MATERIAL PROVIDED:

........

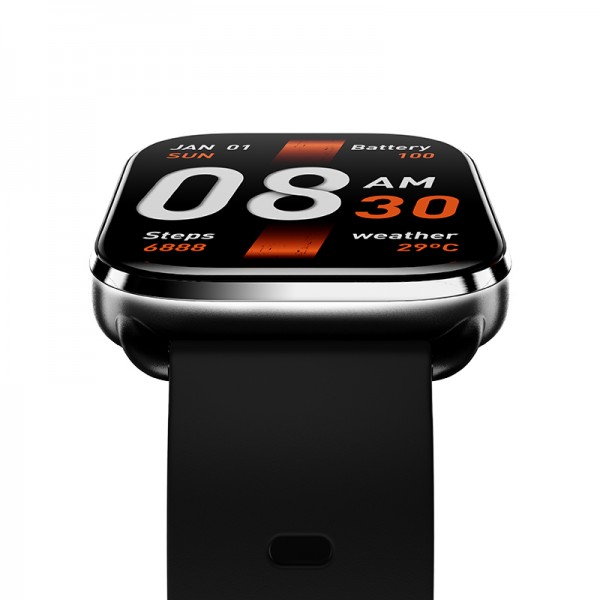 QCY Watch GS S6 Black - 2,02" large TFT touch, 320x502 60Hz, Call BT Smart Watch IPX8 14day - Σύγκριση Προϊόντων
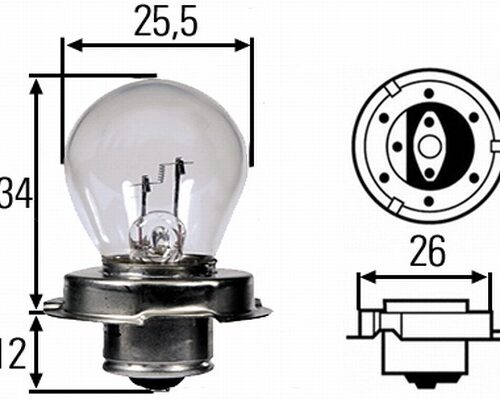 Λάμπα S3 Stκαιard 6V 15W Ποσότητα: 10 HELLA 8GA008899061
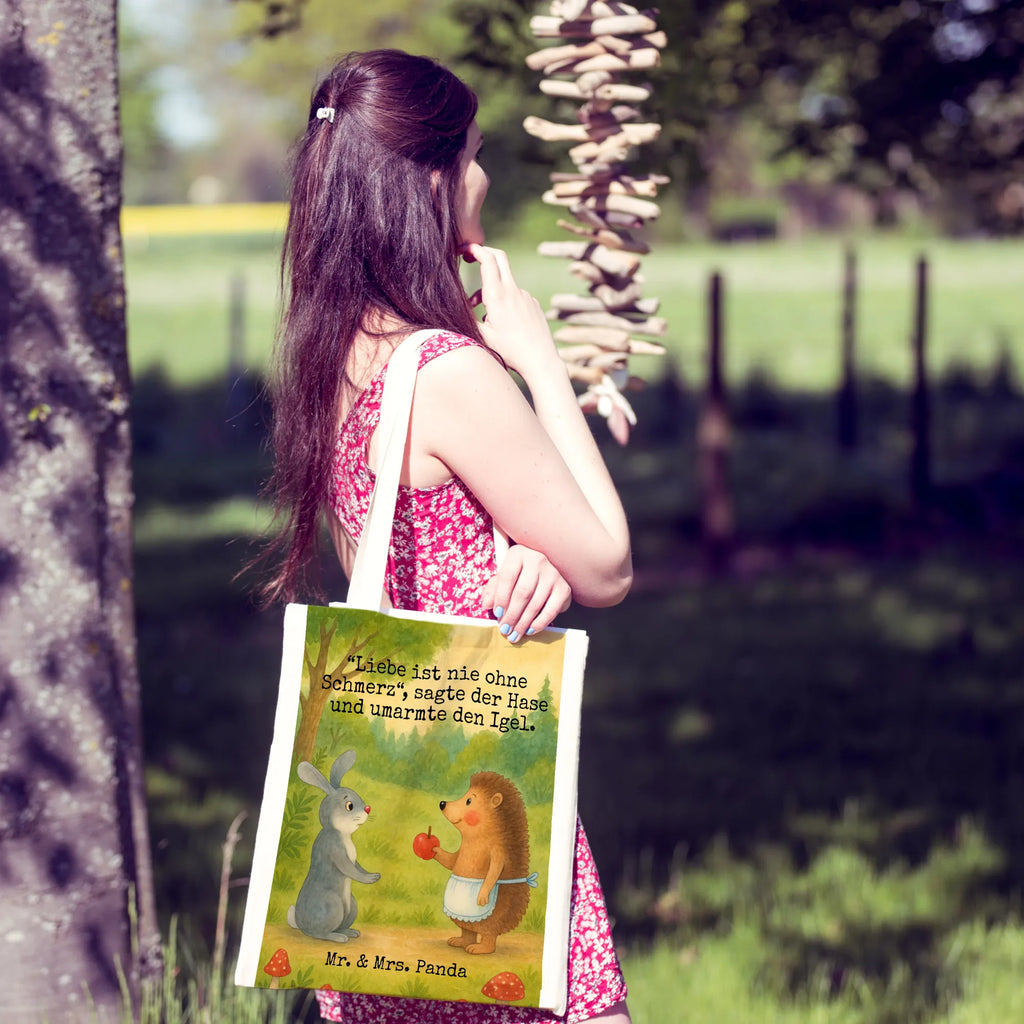 Tragetasche Hase Igel Design Umhängetasche, Tragetasche, Beutel, Beuteltasche, Tasche, Jutebeutel, Schultertasche, Shopper, Laptoptasche, Einkaufstasche, Stofftasche, Jutetasche, Stoffbeutel, Strandtasche, Einkaufstüte, Badetasche, Tiermotive, Gute Laune, lustige Sprüche, Tiere, Herzschmerz, Igel, Igel und Hase, Spruch romantisch, Liebe Spruch, Hase, Liebeskummer Geschenk, Trennungsschmerz, Trösten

........

TASK TO COMPLETE: Leaving every picture out, write out exactly the lines from the beginning of the listing above to the line with "Λάμπα S3 Stκαιard", inclusive.

ANSWER TO THIS TASK:
 QCY Watch GS S6 Black - 2,02" large TFT touch, 320x502 60Hz, Call BT Smart Watch IPX8 14day - Σύγκριση Προϊόντων
 Λάμπα S3 Stκαιard 6V 15W Ποσότητα: 10 HELLA 8GA008899061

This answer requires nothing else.